The CAP was supplied by Hangzhou Coben Pharmaceutical Co., Ltd. (China). The HPLC purities were 99.5 %. It was used without further purification. 5-FU (99.0 %), 5-FC (99.0 %), 5′-DFCR (98.0 %, i.e., USP Capecitabine Related Compound A [20]), and 5′-DFUR (98.0 %, i.e., USP Capecitabine Related Compound B [20]) were purchased from the Aladdin Chemistry Co., Ltd. (Shanghai, China). Acetonitrile (ACN) (HPLC purity grade) and ammonium acetate (analytical purity grade) were purchased from Shanghai Zhanyun Chemical Co., Ltd. (Shanghai, China). Ultrapure water was produced by a Millipore Elix3 (Billerica, MA, USA) water purifying system.

Experimental methods

The TG, DTG, and DSC curves for CAP decomposition were obtained using an SDT-Q600 simultaneous thermal analyzer (TA Instruments Inc., USA) and an alumina ceramic crucible containing 8 mg of sample in either nitrogen or air atmospheres (80 mL min−1). The software package provided by the manufacturer was used for estimating the decomposition kinetics and the prospective lifetime for CAP. Four different heating rates were used: 2.0, 5.0, 10.0, 15.0 °C min−1 from ambient to 800 °C.

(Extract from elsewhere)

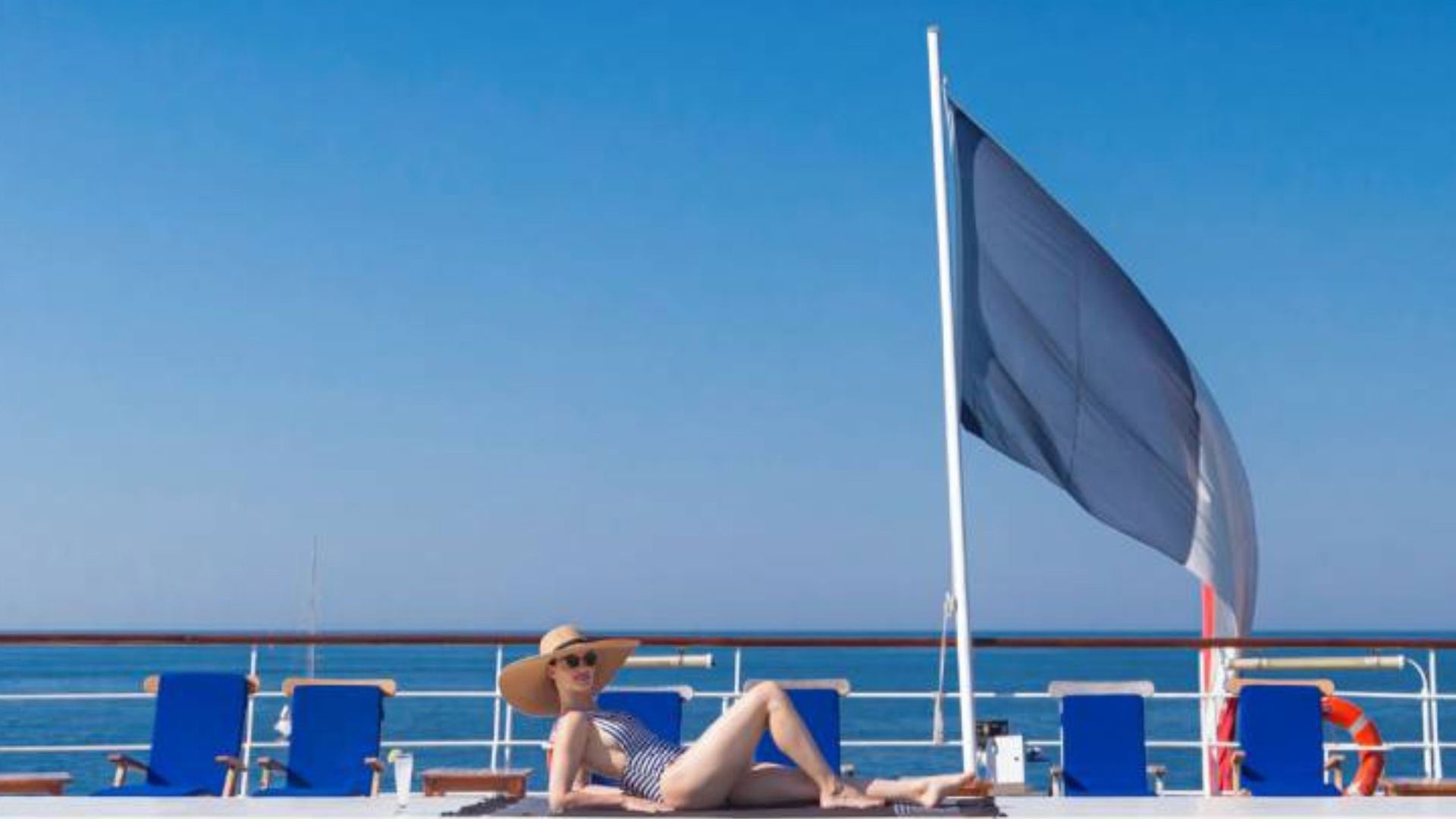 Club Med 2 Sailing - lady by the pool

The residues from thermal decomposition were prepared in an SDT-Q600 simultaneous thermal analyzer using an alumina ceramic crucible containing 10 mg of sample under nitrogen at a flow rate of 80 mL min−1 and heating rate of 10 °C min−1 from room temperature to the selected temperature. Endpoints included the beginning of mass loss, peak of DTG curve, and end of the first mass loss, etc.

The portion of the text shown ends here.